=== SUPPLIED DATA ===

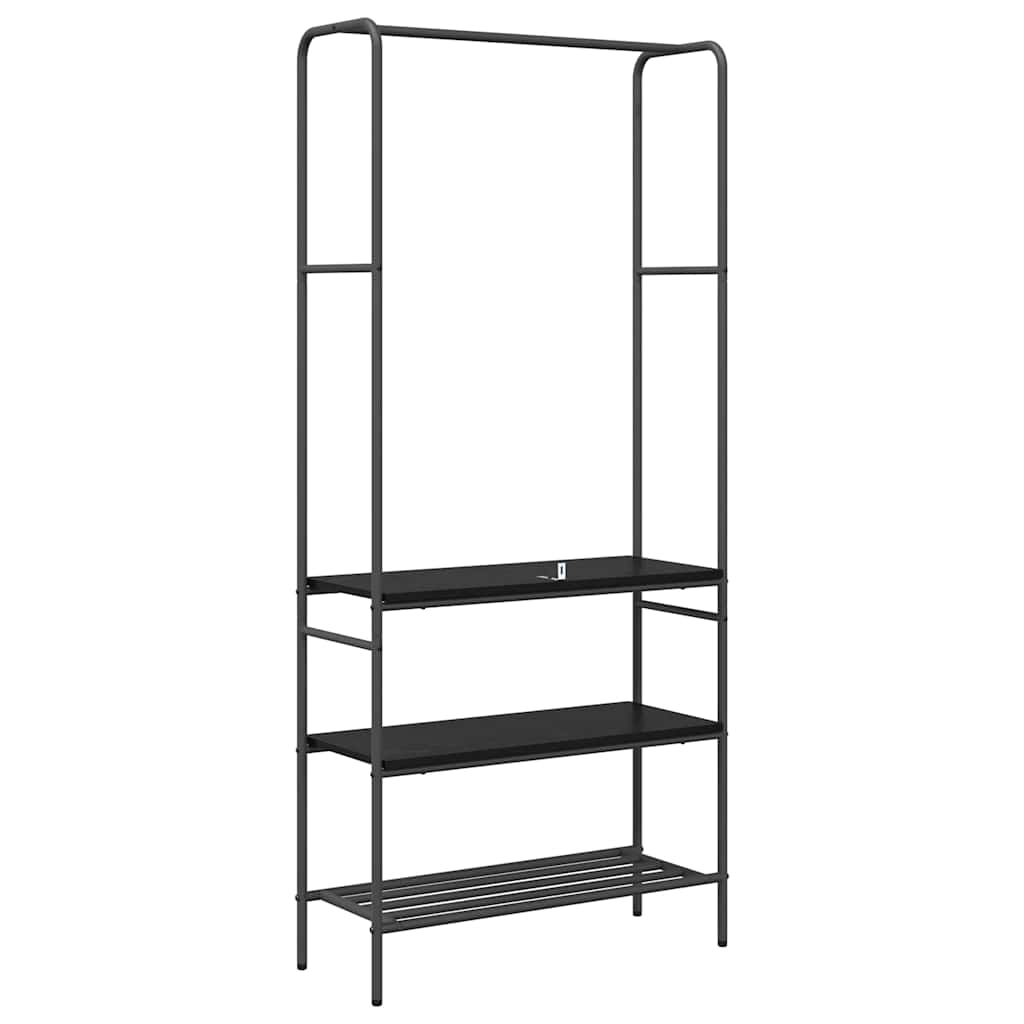 vidaXL Kledingrek met planken Zwart eiken 77 x 30 x 171 cm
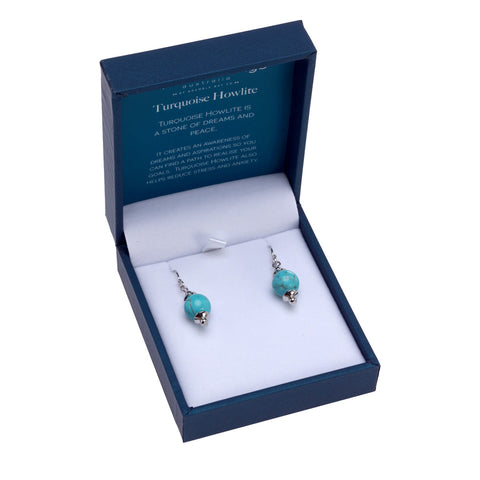 Turquoise Howlite 10mm Bead Drop Earring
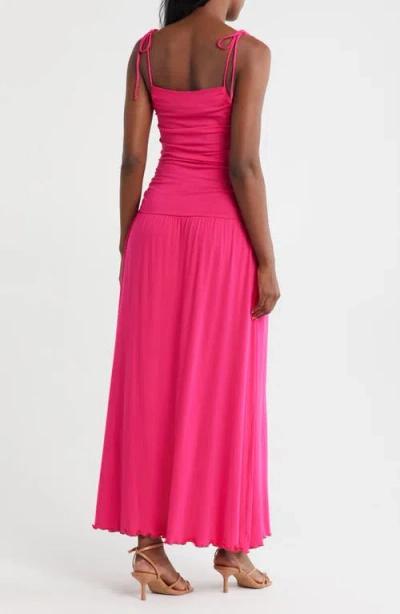 Loveappella Tie Strap Ruched Fit & Flare Midi Dress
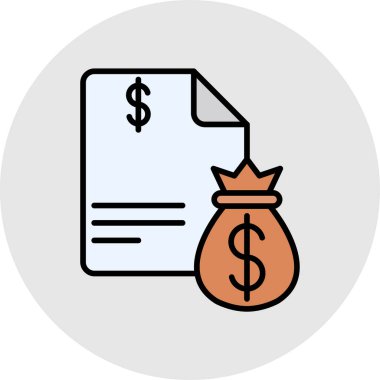 Bill Düz Vektör Simgesi Tasarımı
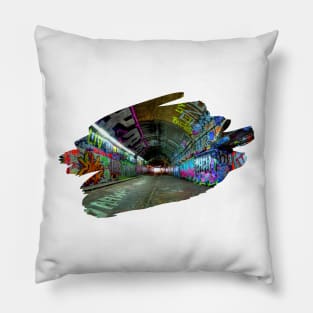 Graffiti Tunnel Black Splash Art Print 1 Pillow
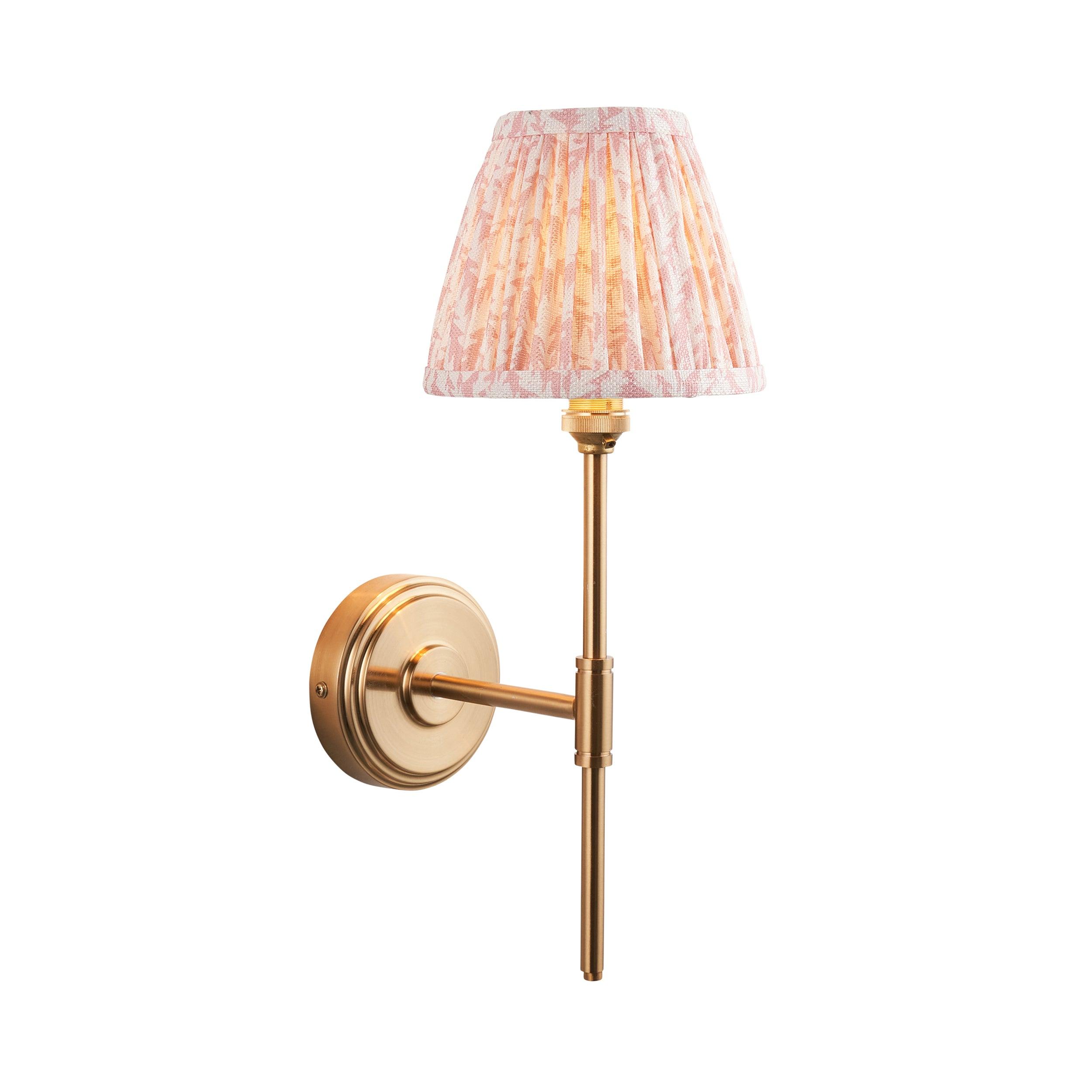 Step T Bar Brass Wall Light & Leaf 16cm Peachy keen Shade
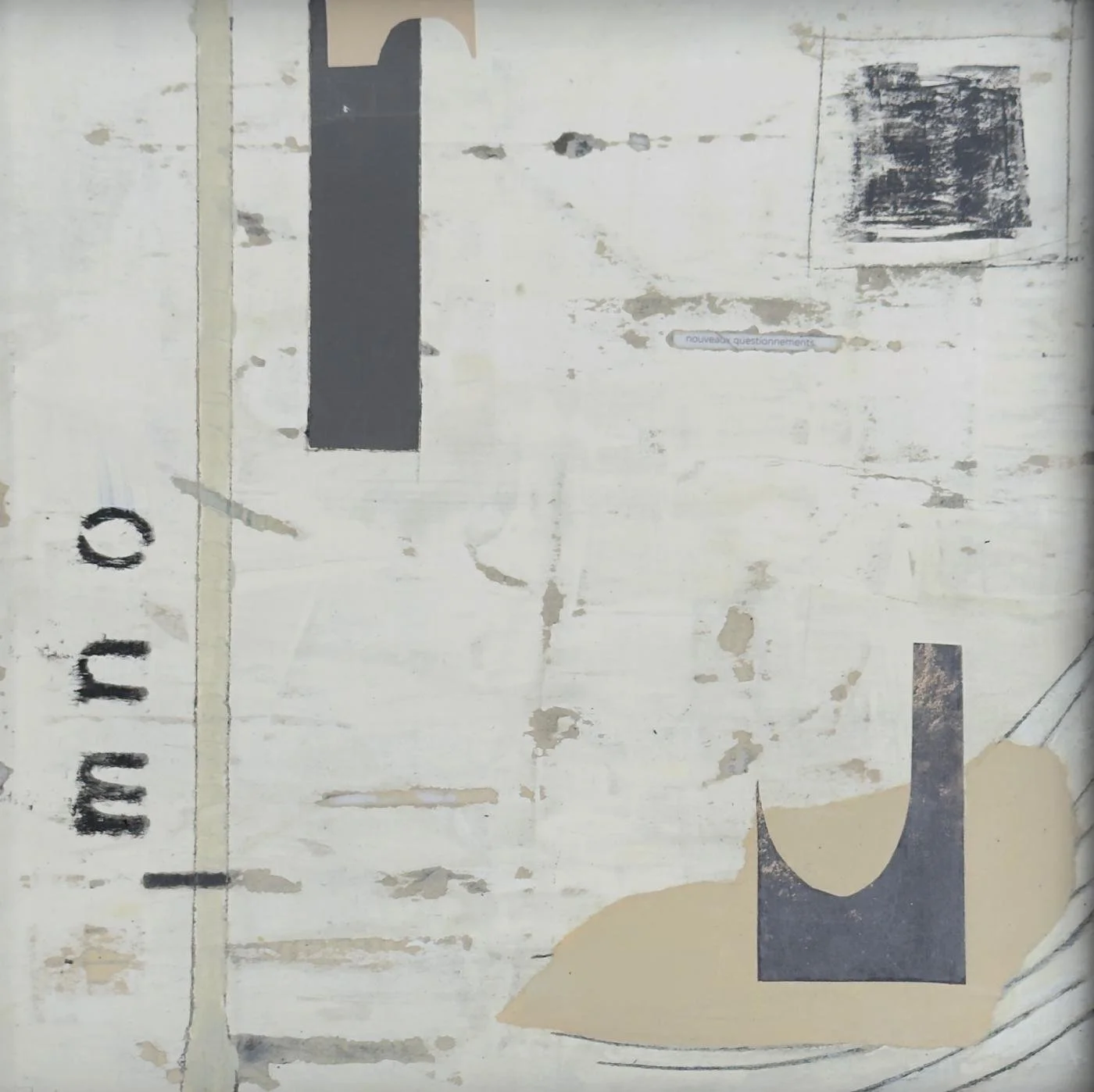 Peinture abstraite en technique mixte sur panneau de bois, transition entre espaces et formes.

===

» PROBLEM REQUIREMENTS
Each line of the data should be quoted exactly, with pictures left out.

» COMPLETED EXERCISE
 vidaXL Kledingrek met planken Zwart eiken 77 x 30 x 171 cm
 Turquoise Howlite 10mm Bead Drop Earring
 Loveappella Tie Strap Ruched Fit & Flare Midi Dress
 Bill Düz Vektör Simgesi Tasarımı
 Graffiti Tunnel Black Splash Art Print 1 Pillow
 Step T Bar Brass Wall Light & Leaf 16cm Peachy keen Shade
 Peinture abstraite en technique mixte sur panneau de bois, transition entre espaces et formes.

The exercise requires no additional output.